I'm not sure about the emitter and all of that stuff but,

I have a Whirlpool fridge that the water line will freeze where it enters the back of the freezer box.

I use a hair dryer to melt the ice and it will start working again.

Kinda simple.....but maybe...


----------



## igorlord (Feb 21, 2009)

I found the problem. It is not a frozen water line (that's easy to check -- just disconnect the water connector on the back and blow into the tube).

Also, the solenoid is fine -- swapped the connectors for the ice-maker solenoid and water dispenser solenoid (they are right next to each other) -- dispeser flap activates the ice-maker solenoid but no water comes out of dispenser now any time in the cycle.

The Ice-Maker repair manual was a big help (and this link would do http://www.applianceaid.com/icemaker-modual.html) -- icemaker is getting power, the motor is doing its harvesting cycle, but no voltage ever between V&N! Disassembled the ice-maker and saw a completely burned out power connector (on L trace) to the heating unit! Removed the motor, jumpered the board to bypass the heater (and thermostat), and the manual spinning of the wheel gets me continuity on V-L at the right time in the cycle!

So I bet the optics were ok. Thecircuit must be running the valve solenoid through the heater coils...

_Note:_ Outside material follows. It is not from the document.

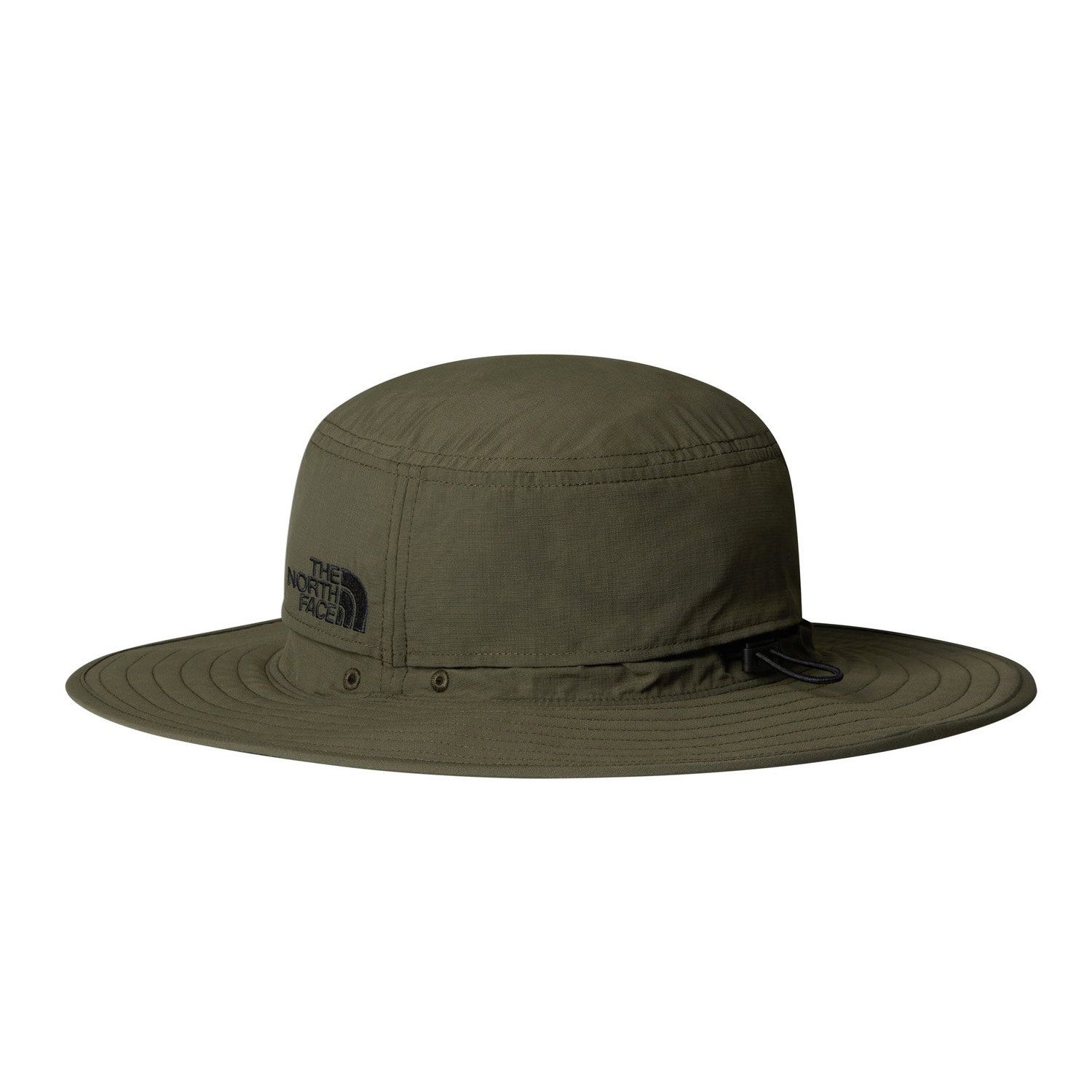 The North Face Horizon Breeze Brimmer Hat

I ordered a new motor unit (since I did not feel like trying to solder a new connector). We'll see whether this will fix the problem (I sure hope so).


----------



## igorlord (Feb 21, 2009)

P.S. I was able to get the LED to light up -- it will only do so when the power is cycled. Then it would light for 5 sec -- "all systems nominal" indicator. So I figure, it is "old style" optics and the icemaker is confused and thinks it is always in the harvesting mode.


----------



## sv9779 (Sep 19, 2008)

If the icemaker is running the optics are ok. They simply kill power to the icemaker so it can't cycle. The water valve is energized through the heater. If the contacts on the heater are burnt it won't be long before it ruins the new motor module. Usually the best solution is a new icemaker. That way all the heater and module contacts are new. If you don't replace the whole icemaker try to clean the heater contacts so they won't arc. There is some current going through there and it doesn't take much pitting for it to start arcing again.


----------



## igorlord (Feb 21, 2009)

Thanks for a very informed reply!!!

That's exactly what I did: cleaned up the heater (and other) leads and put in a new motor unit. The heater lead had some traces of oxidation (green color), so I cleaned it up. I'll check on it in a year or so (if I do not forget). I paid $23 for a new motor unit, so I'll take a chance. :laughing:


----------